Un dernier article de la John Hopkins University envisage le rôle de IL28B dans l’évolution favorable spontanée de la maladie avec élimination du virus de l’hépatite C [9]. Une élimination spontanée du virus, observée dans 20 % à 30 % des cas, témoigne en effet d’une réaction immunitaire forte. La sous-représentation de l’allèle minoritaire C de rs 12979860 chez les porteurs chroniques du VHC par rapport à la population générale a fait suggérer que cet allèle favorisait la clairance spontanée du virus. Pour le démontrer, les auteurs ont étudié le génotype de 1 008 individus ayant évolué soit vers une clairance du virus (n = 388), soit vers une infection chronique (n = 620). Chez des sujets d’origine tant européenne qu’africaine, l’existence de l’homozygotie de l’allèle C s’accompagne d’une évolution plus favorable. La différence la plus significative, quelle que soit l’origine ethnique, est observée en comparant aux sujets C/C l’ensemble des sujets C/T et T/T (P<10−12), attribuant à l’allèle C un effet récessif. La coexistence d’une infection par le virus de l’hépatite B (VHB) ou/et du virus de l’immunodéficience aquise (VIH) ne modifie pas ces résultats, et une action sur la charge virale initiale n’est pas évidente.

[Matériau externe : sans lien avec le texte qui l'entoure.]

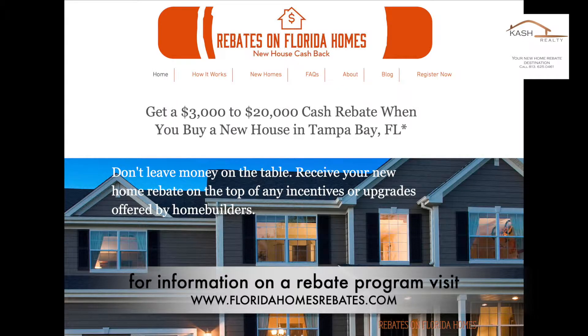Guys, do not let the opportunity pass you. We are offering a commission rebate to you at closing. Visit our website floridahomesrebates.com for more information.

L’ensemble de ces travaux ouvrent au moins deux axes de recherche : un axe thérapeutique combinant interféron-α et -λ et un axe mécanistique car on aimerait désormais savoir si ces différents polymorphismes modifient la fonction de l’IFN -λ3, et si oui de quelle manière.

Conflit d’intérêts

Les auteurs déclarent n’avoir aucun conflit d’intérêts concernant les données publiées dans cet article.

 
Footnotes
1 Un interféron pégylé est un interféron recombinant qui a été associé à du polyéthylène glycol (ou PEG), ce qui diminue la clairance rénale du médicament.